Statistics for unbuffered result sets

unbuffered_sets, ps_unbuffered_sets

Number of unbuffered result sets generated by "normal" queries respectively Prepared Statements.

rows_fetched_from_server_normal, rows_fetched_from_server_ps

Number of rows that have been fetched from the Server. This figure is relevant both with buffered and unbuffered result sets.

For unbuffered result sets: this includes rows fetched by your script, and, if needed, rows fetched implicitly to clean the line. A client must fetch all results from a line before it can run another query on the line. If your script does not fetch all rows, PHP will take care of fetching what has not been fetched so far to clean the line.

rows_fetched_from_client_normal_unbuffered, rows_fetched_from_client_ps_unbuffered

Number of rows fetched from the Client with unbuffered result sets.

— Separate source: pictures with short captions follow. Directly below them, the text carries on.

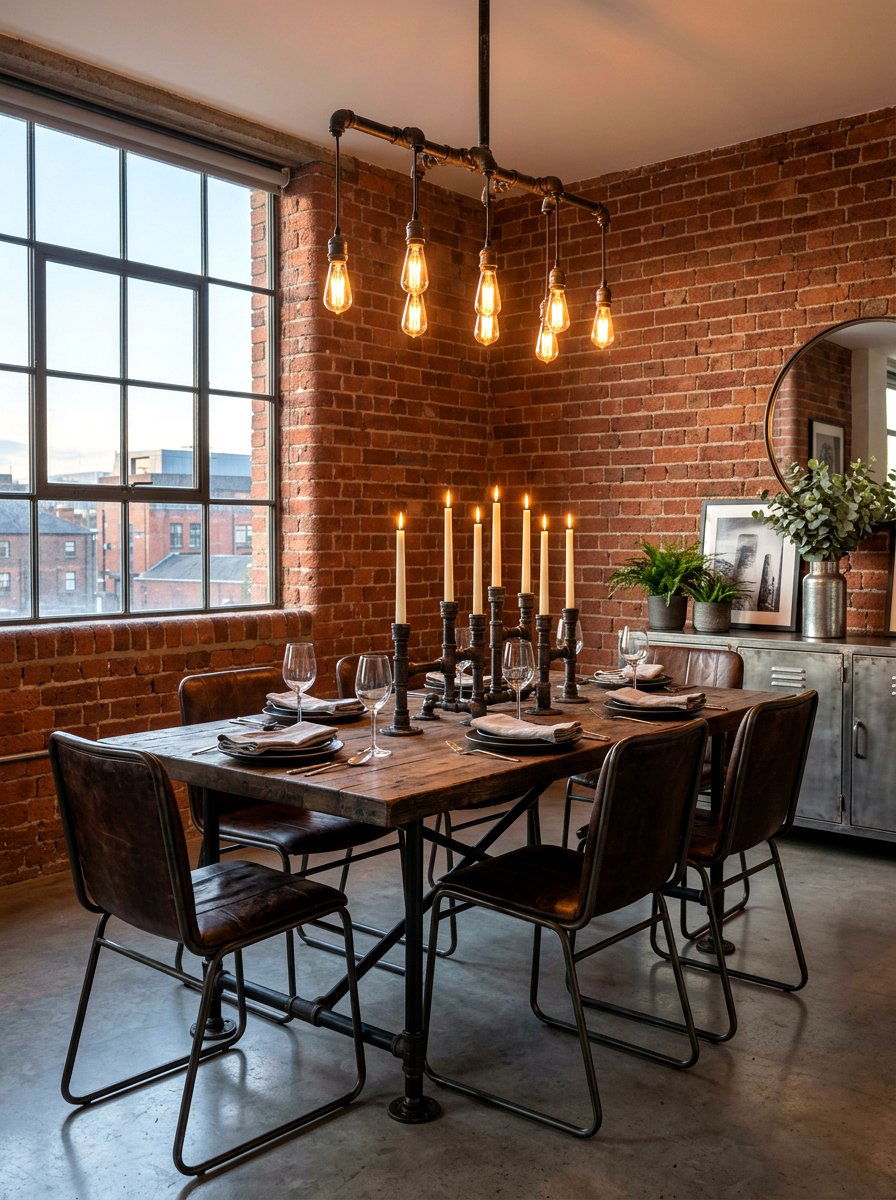 Industrial metal candle holder dining room - 30 candlelit dining room ideas aesthetic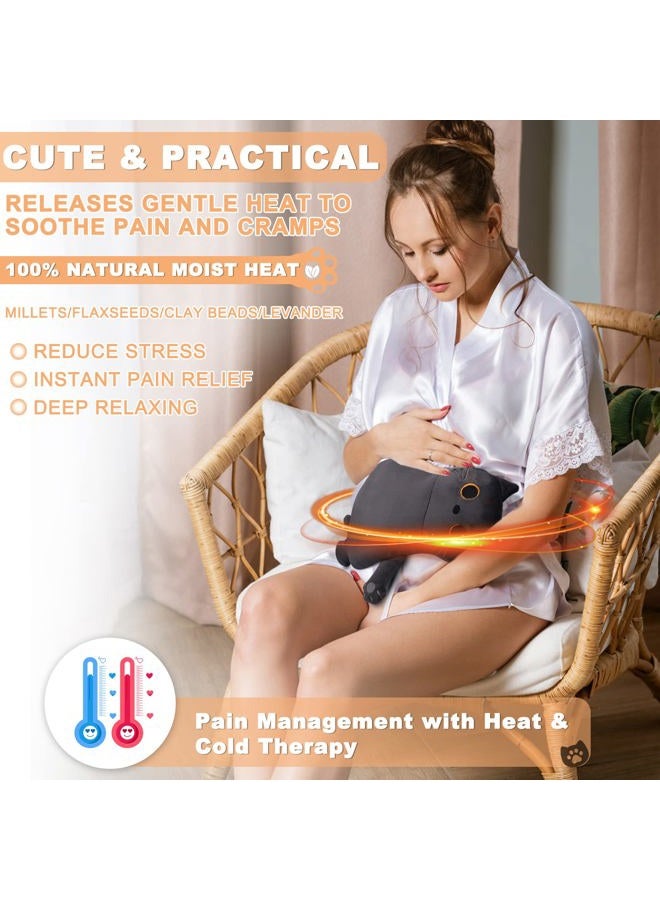 Rienkaco Microwave Heating Pad for Cramps Pain Relief, 16 * 12'' Moist Microwavable Period Menstrual Heating Pads for Cramps, Back, Neck Shoulder and Knee, Cute Stuffed Animal Heating Pad - Grey Cat - Image 2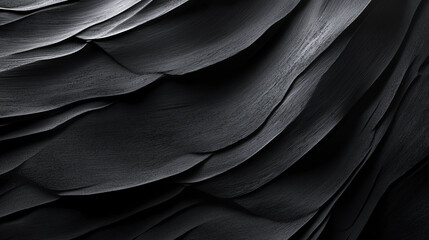 Obraz premium Dark gray textured surface with wavy, layered pattern creating depth and shadows, showcasing abstract elegance ideal for modern design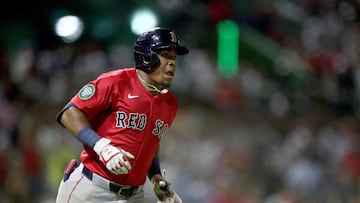 SANTO DOMINGO, DOMINICAN REPUBLIC - MARCH 09: Enmanuel Valdez #47 of the Boston Red Sox reacts after hitting a one run home run during the sixth inning against the Tampa Bay Rays at Estadio Quisqueya on March 09, 2024 in Santo Domingo, Dominican Republic.   Bryan M. Bennett/Getty Images/AFP (Photo by Bryan M. Bennett / GETTY IMAGES NORTH AMERICA / Getty Images via AFP)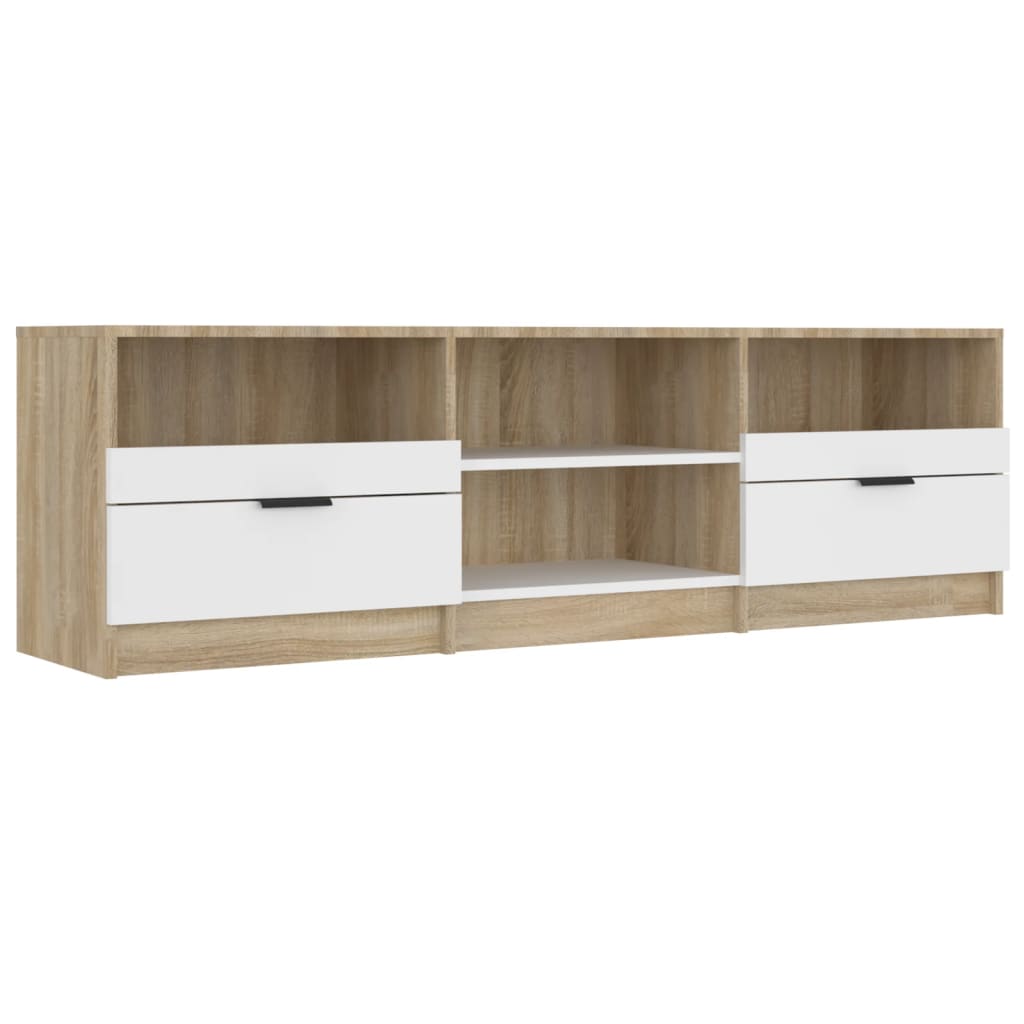 Tv-Meubel 150X33,5X45 Cm Bewerkt Hout Wit En Sonoma Eikenkleur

This includes all rows which your scripts have been fetched as well as those fetched implicitly when cleaning the wire for you (see above).

rows_skipped_normal, rows_skipped_ps

Number of rows generated by the Server but not read from the Client.

Note: when using buffered result sets, you always fetch all rows. The figure cannot change with buffered result sets. Therefore this figure is only of interest for unbuffered result sets.

Again, this is a number which you want to monitor to detect those cases when you let the Server compute more rows than you consume.


$res = mysqli_query($link, "SELECT id FROM test LIMIT 10", MYSQLI_USE_RESULT);
  // -> 10 rows generated by the Server
  // -> 0 = no rows fetched and buffered
$row = mysqli_fetch_assoc($res)
  // -> 1 row fetched from Server
  // -> 1 row fetched from Client
mysqli_free_result($res);
  // -> 10 - 1 = 9 rows skipped, rows_skipped_normal
  // -> 1 result set to be flushed
  // -> forcing 9 rows to be read silently to clean the line

flushed_normal_sets, flushed_ps_sets

Number of result sets with unread data which have been flushed silently for you.

Flushing means that PHP has read silently rows from the Server which you have generated on the Server but not fetched. The rows must be fetched before a new query can be run.

Flushing can only happen with unbuffered result sets. With buffered result sets you always fetch all rows from the Server.

PS: We are open for hear your suggestions on renaming figures. Maybe you have an idea to improve the naming: make it more clear, make it more consistent, … Personally, I do not like all of the current names. But that might be because I’m not a native english speaker and get some things from time to time.